# Bengal for adoption



## tonkatoy (Aug 1, 2008)

We have a bengal female who needs a loving caring understanding home. She has been kept in a cattery for the first few years of her life and when she came to us she moved in to our home.

She is rusette brown with slight rosetted spots, she is large for a female and has a pretty head.

She is remote and independant but I have an affection for her that im afraid is not shared by the rest of the family as she occasionally chases their cats and although not a wild cat can be grumpy and have her moments. She is beautiful and needs someone who just wants to protect her.

She will come sit on my lap when she wants to but does not like to be cuddled. She needs a knowledgable home that has no young children. She is a cat that needs love even though she pretends she doesn't.

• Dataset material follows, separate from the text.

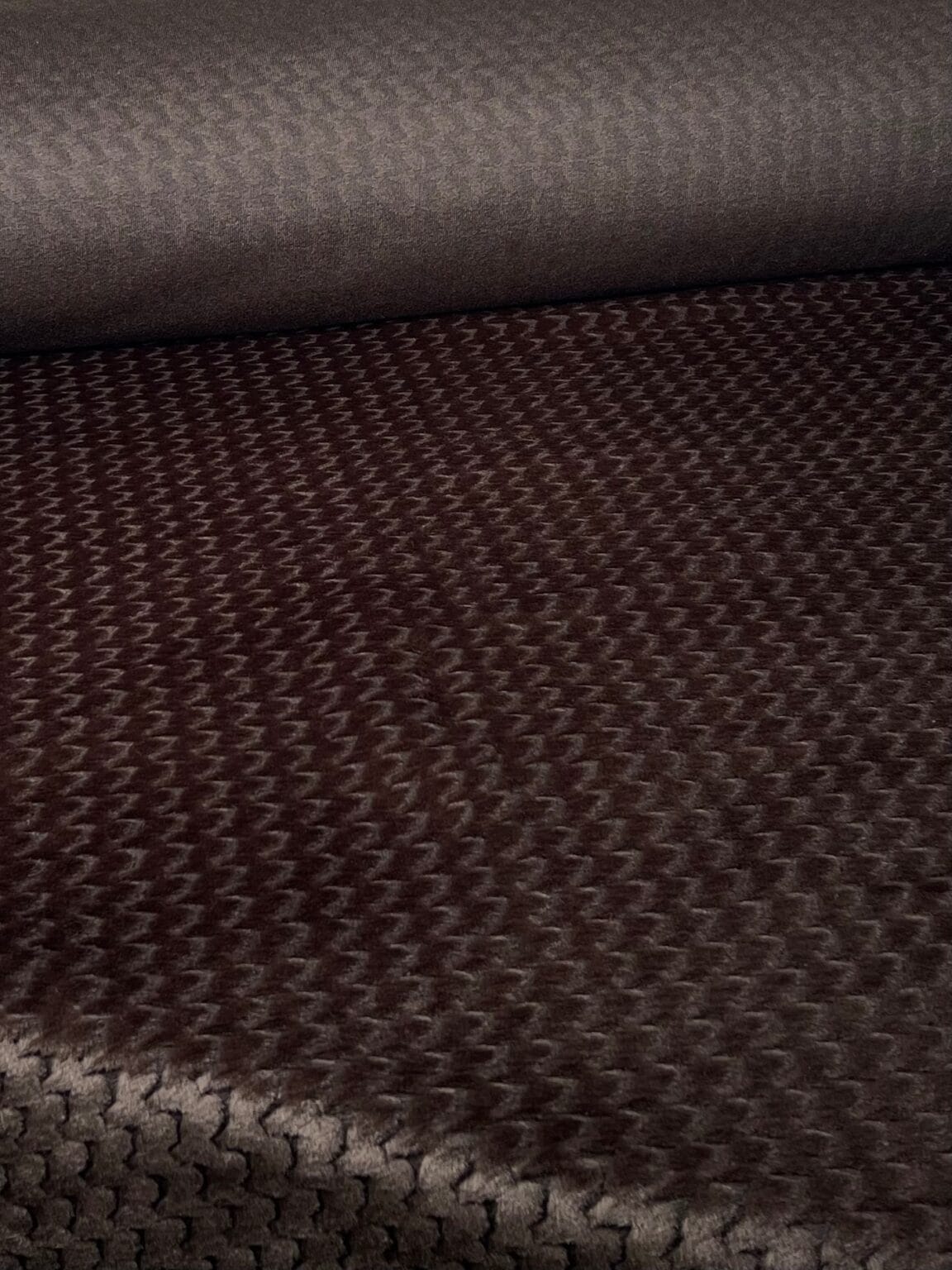 Itāļu mākslīgā kažokāda "Chocolate" ar rakstu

She is living in our home and with other cats now, she gets on fine with the ones who stand up to her or leave her alone but any that cower away she will chase. She has just been spayed but requires her injections bringing upto date.

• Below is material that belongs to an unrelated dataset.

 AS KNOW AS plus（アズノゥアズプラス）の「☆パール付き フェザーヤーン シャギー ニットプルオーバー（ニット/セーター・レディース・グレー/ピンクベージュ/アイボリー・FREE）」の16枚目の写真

I want nothing but a loving caring permenant home for this little girl as thats what she needs so if you are interested please post or message me and I can arrange for you to visit her in Coventry where we live.


----------



## animallover09 (Oct 11, 2008)

aw, she looks really cute.


----------



## maggiescats (Nov 7, 2008)

if only i had room for another! shes a lovely looking lady


----------



## pa2k84 (May 27, 2008)

So very tempting!

How do bengals get on with other breeds - well mainly a bsh.


----------



## MADCAT (Nov 21, 2008)

She is beautiful, good luck in finding her a loving home, xx


----------



## Jen26 (Apr 22, 2008)

pa2k84 said:


> So very tempting!
> 
> How do bengals get on with other breeds - well mainly a bsh.

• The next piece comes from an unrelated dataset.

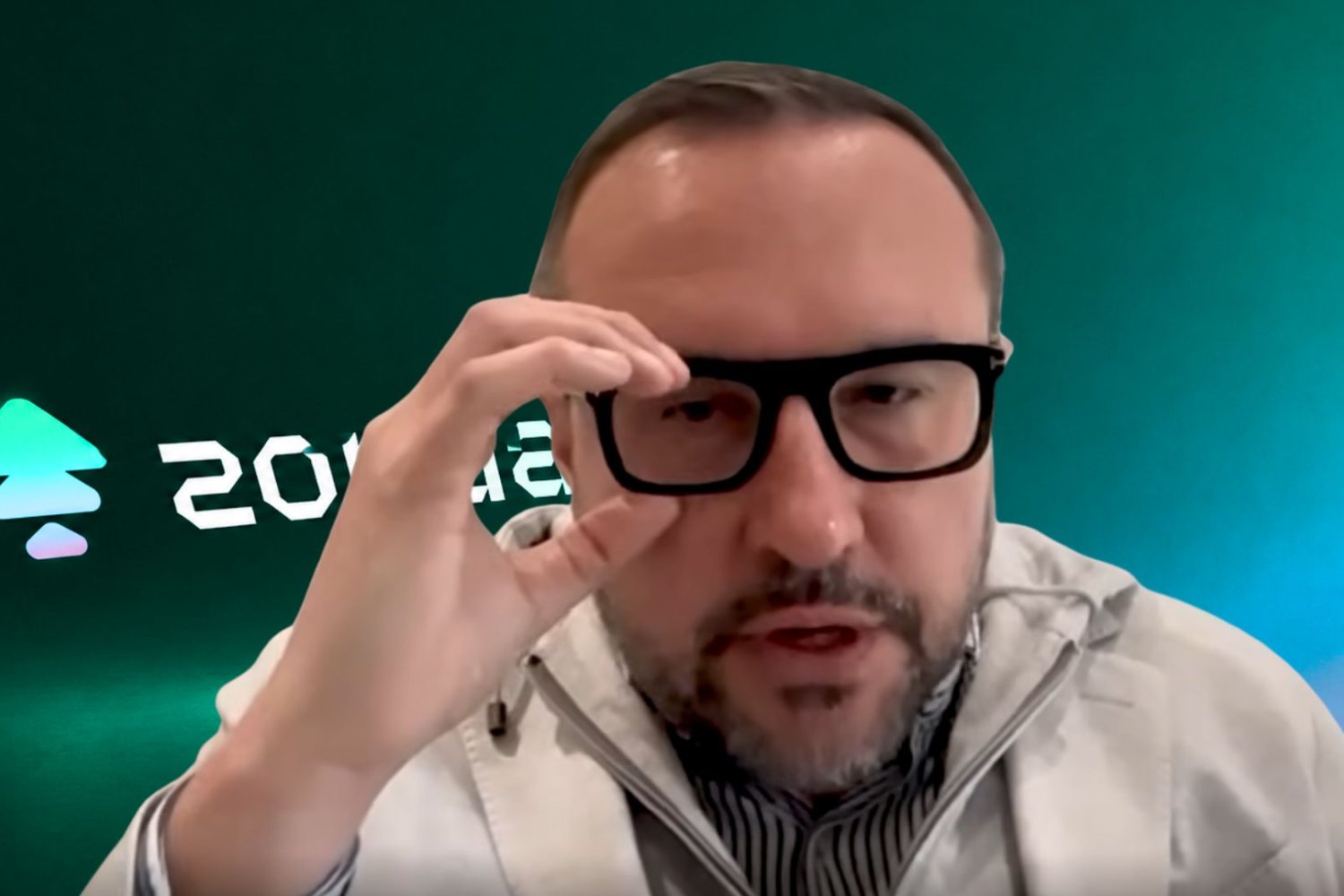 Przemysław Kral, ilustracja do tekstu o kongresie Telewizji Republika w Waszyngtonie i aferze Zondacrypto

I have bengals and british, they get on fine. Occasionally they have a spat, usually over the top seat of the scratching post!
10 mins later there curled up asleep together


----------



## Katie&Cody (Dec 4, 2008)

Good luck finding a loving home.
Im afraid i am a lover of cuddles with cats so i don't think she'd like me bless her...


----------



## pa2k84 (May 27, 2008)

Jen26 said:


>


Bless - not helping! Am thinking practically may not be the best companion for Bilbo but could be persuaded!


----------



## Jen26 (Apr 22, 2008)

pa2k84 said:


> Bless - not helping! Am thinking practically may not be the best companion for Bilbo but could be persuaded!


i think if you were to have a bengal, a kitten would be better for you and bilbo


----------



## ColeosMummy (Aug 27, 2008)

aww i want her lol  x


----------



## tonkatoy (Aug 1, 2008)

Scarlet is still looking for that loving home and I will be posting more piccys of her here shortly - as soon as she comes in the house and stops playing with next doors dog - poor thing looks scared to death (the dog that is)


----------